In the meantime, I thought I would write up some quick mini-capsule reviews of some of the new games that I’ve played. Most of the games have only been played once, so clearly my opinions are still forming on the games – but I know that many people are trying to figure out which games they want to buy/try first, and to that end, any opinions will be helpful. These thoughts will eventually be edited/incorporated into the full review that will come in the next few months, but I will try to talk about the new games a little bit at a time until we’re ready for full reviews. I will try to give a short description of the game(s) in each piece and some quick thoughts about them. The rules are not meant to be comprehensive – merely enough to give a flavor for how the game works.
Tile Laying Games: Citrus, Sanssouci
- Designer: Jeff Allers
- Publisher: dlp games
Game idea: On a turn, place tiles or harvest. If tiles: players choose a row of tiles from the supply grid – they must pay for, take, and place all tiles in that row to the board. Board is seeded with 3 fincas, and colored tiles must be placed in matching colored plantations starting from spaces orthogonally adjacent to a finca. Mark the area with your meeple. When all 8 spaces surrounding a finca are filled, it is scored. Counting all squares in plantations that have any tiles adjacent to finca, total the number of squares per player, award points to first and second. Then, a new finca is placed on board. If money: remove your meeple from the board (those tiles are now neutral), and get money.
Thoughts: Very interesting tile selection mechanic. There are definitely times when you do not want to take the max number of tiles because you can’t afford them or you don’t have great places to put them. Money is tight, and the only way to get more money is to remove your meeples from the board – which then means that you can’t score VPs for them when fincas are scored – though if you time it right, you can remove meeples when they have already been scored. There are a few special action tiles that you can collect which can be very beneficial and adds additional strategy to tile placement. Thus far, we have only played short game, and game length was perfect for me – about 45 mins. This version is shorter by removing 3 fincas from game. I will have to see if adding these 3 back in does anything other than making the game longer. I am definitely interested in playing full game after the short initial game.

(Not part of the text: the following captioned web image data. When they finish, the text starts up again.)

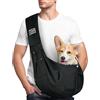 Adiwo Borsa da Viaggio per Cani, Trasportino per cani, Reversibile Borsa a Tracolla Porta Animali Domestici, per Cane/Gatto Fino a 7.5 KG, per Viaggio, Ciclismo, Passeggiata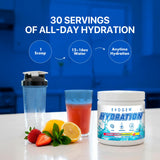 Evogen etiqueta con ingredientes clave y perfil de electrolitos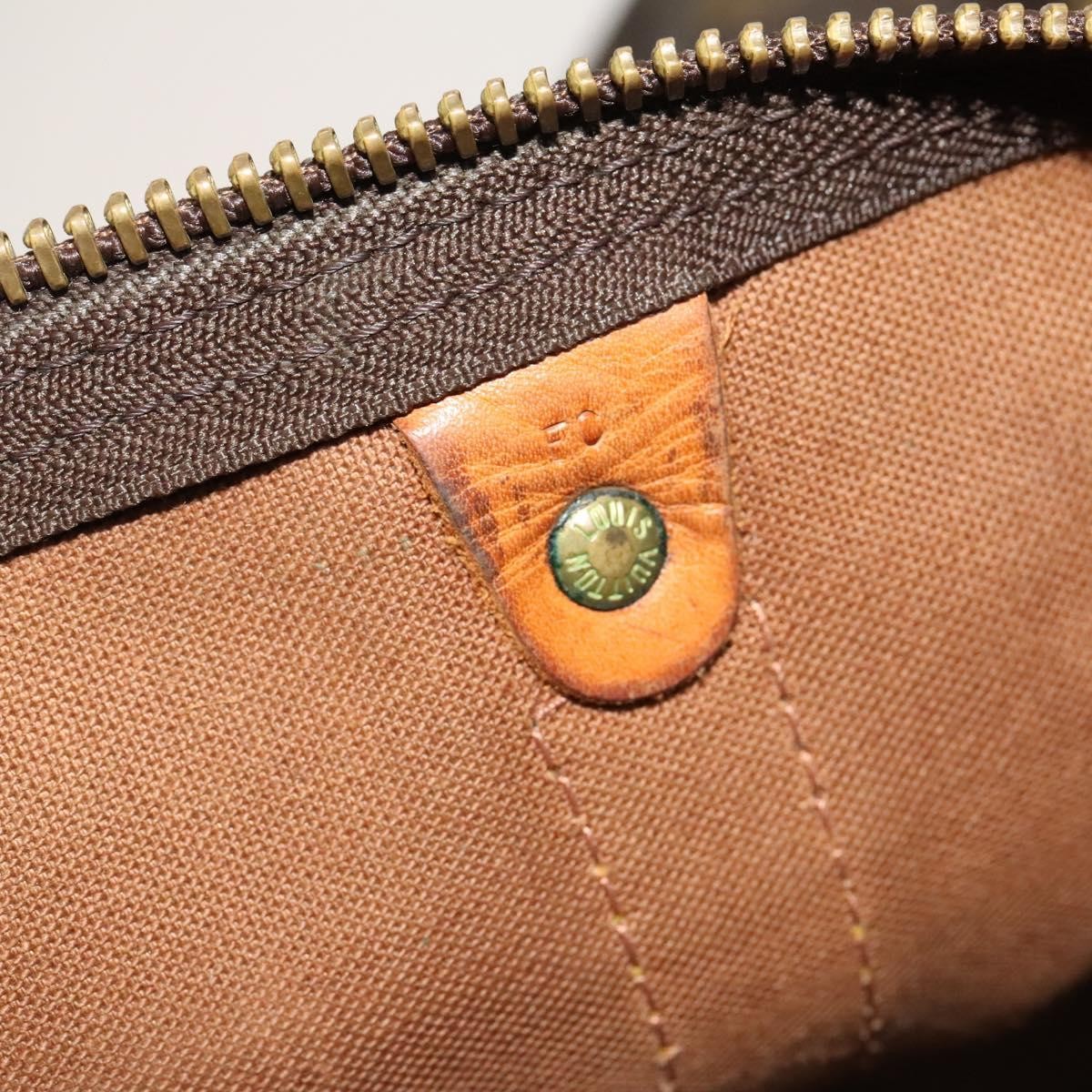 Louis Vuitton Keepall Bag Monogram Canvas, BROWN, CANVAS, Travel bag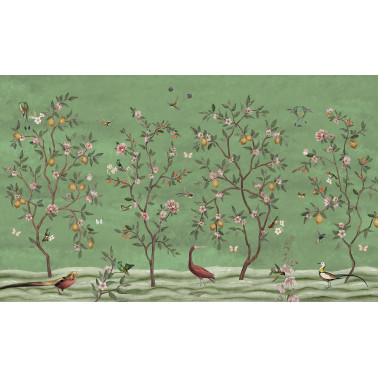 Lemon Tree Chinoiserie - Green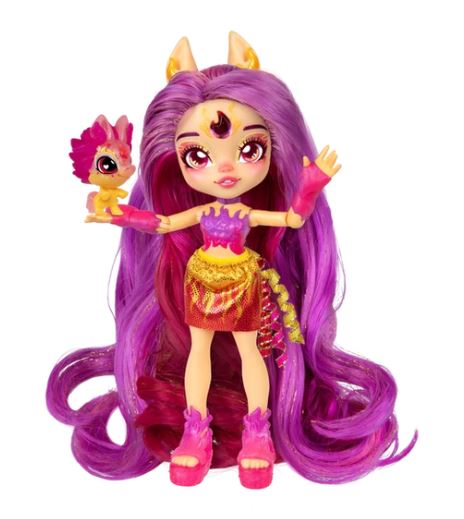 MAGIC MIXIES PIXLINGS SHIMMERVERSE SERIES S2 GALAXY HAIR DOLL PIPPA DELUXE PLAYSET
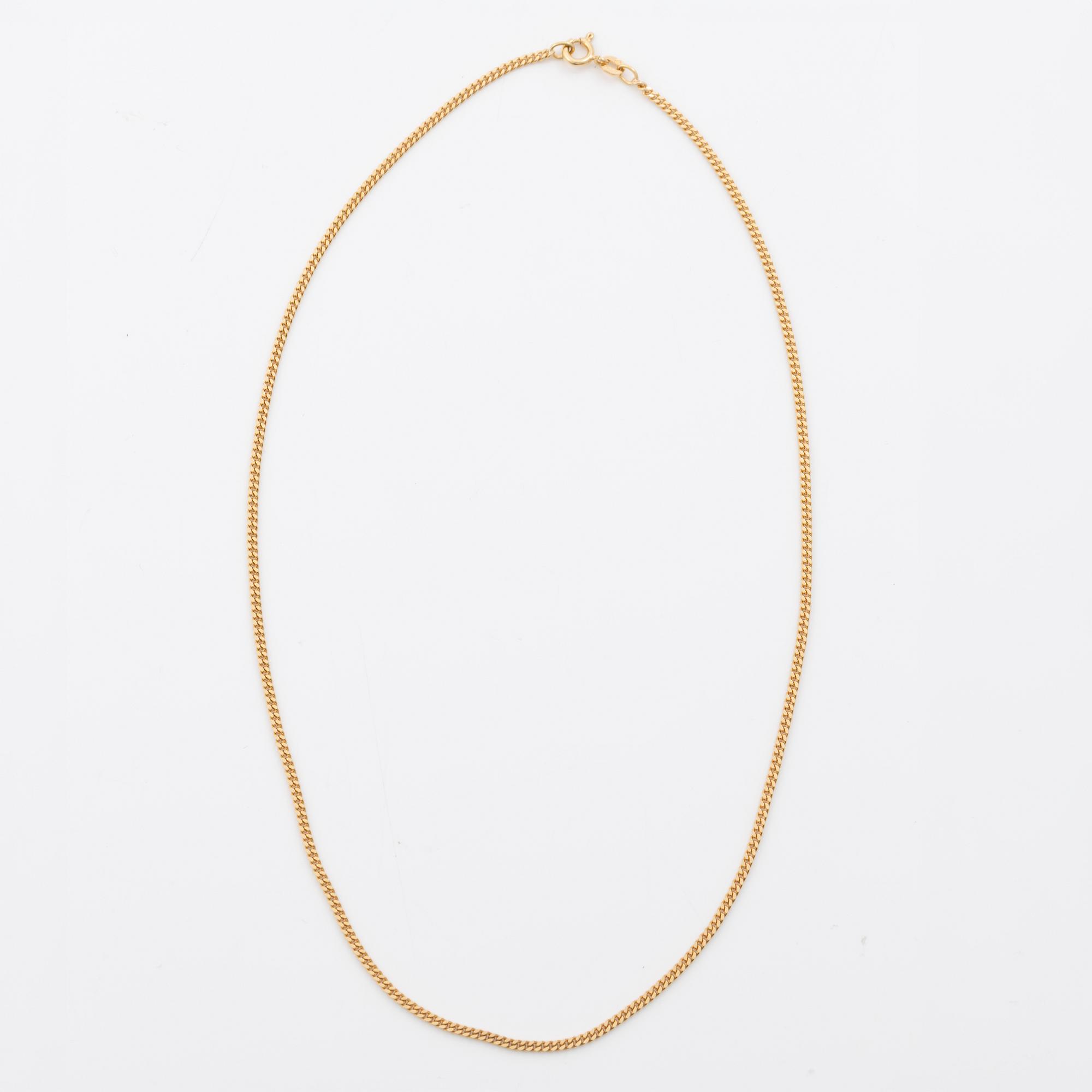 18K gold chain, Balestra.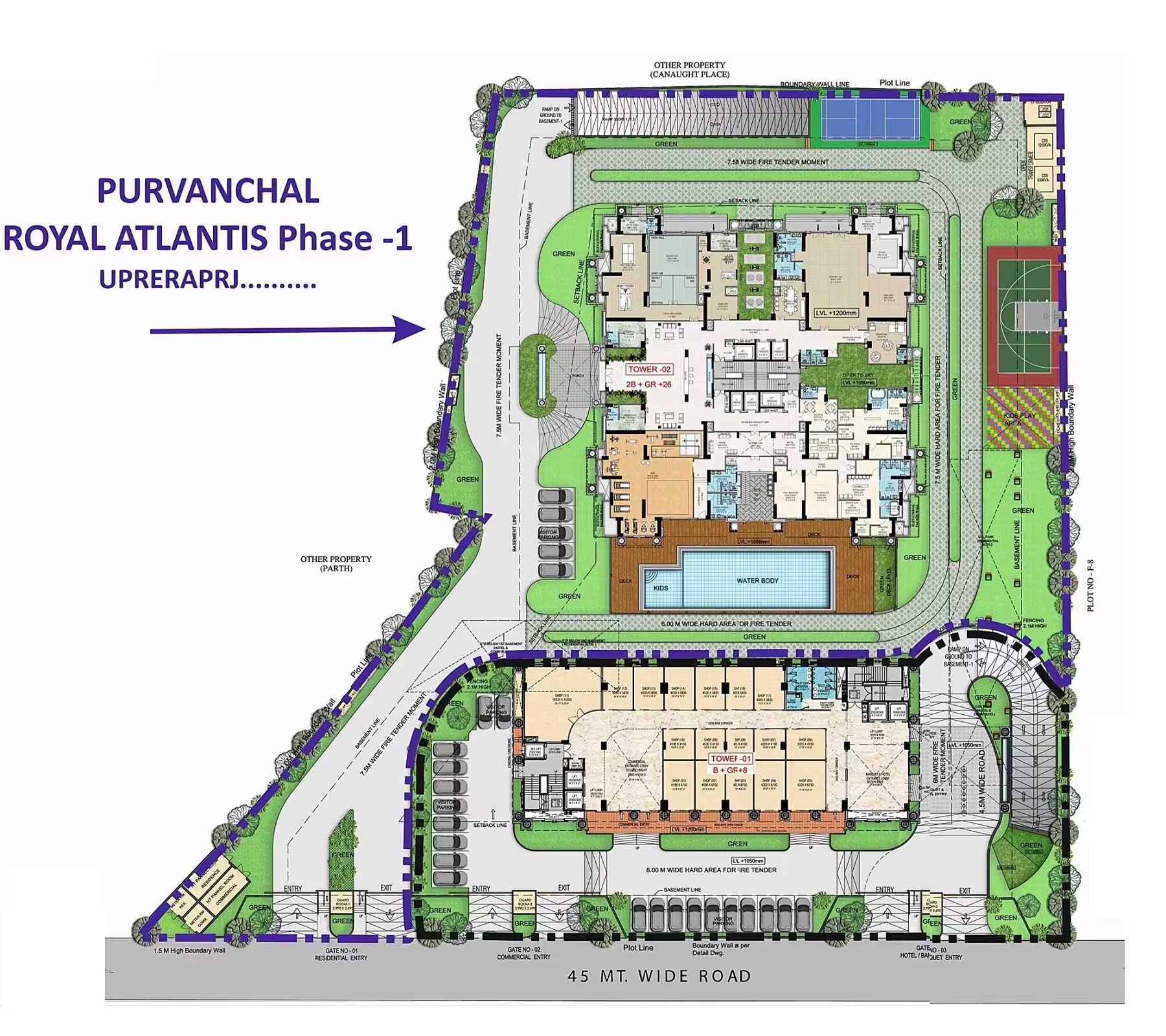 Purvanchal Royal Atlantis Master Plan Image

- Designer: Michael Kiesling
- Publisher: Ravensburger
Game Overview: Players have a deck of 18 cards – either have two colors on them or have a garden icon. You have a hand of 2 cards. On the board, 10 tiles are placed – each tile has an icon printed on it; its location on the board determines the color, 2 each x 5 colors. On your turn, play a card and take a tile that matches – from one of the two colors shown if a color card or matching icon if an icon card. Then, placed the tile. If you take a fountain tile from the purple row, it must go on the purple fountain spot. If that spot is filled, you can flip it over to gardener side and place in same row or column as appointed spot. Then you may move one of your figures, using paths on tiles placed, down a row and score points equal to how far down he has gone (from 1 to 6 points). Figures must end movement on a real icon tile though, not a gardener. Players use all 18 cards in their deck. At end, there is some bonus scoring based on cards dealt at start of game.

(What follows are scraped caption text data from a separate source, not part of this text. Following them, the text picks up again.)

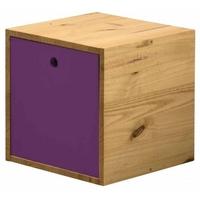 Verona Antique Pine and Lilac Cube with Lid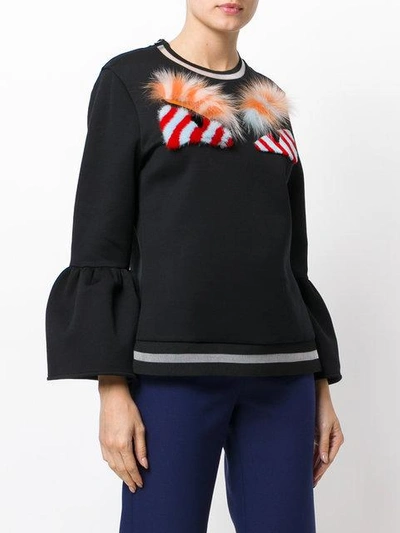 Shop Fendi Eyes Sweater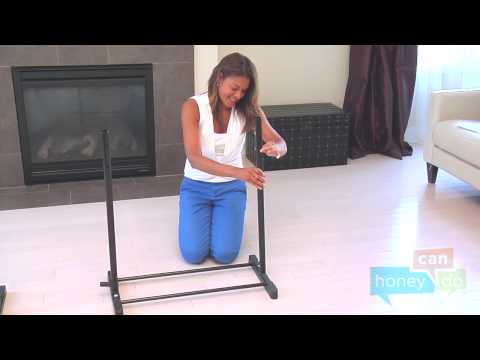 Honey-can-do gar-03752 rotating garment rack instruction vid...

Thoughts: Another game that hits my sweet spot. I love the tile choosing/placement mechanic. On most turns, there are usually a number of tiles from the supply of ten that are useful, and you have to figure out what is best. The game doesn’t clump up because players are often looking for different things – due to different setup positions as well as different goals. Decisions can get tough in midgame as you have to balance desire to score points now (moving your meeples) versus setting up endgame bonuses. It is easy to learn and suitable for all levels of gamers. There is also an expansion/expert board included but we haven’t even gotten there yet as we’ve enjoyed the base game – but this adds to the replayability/complexity.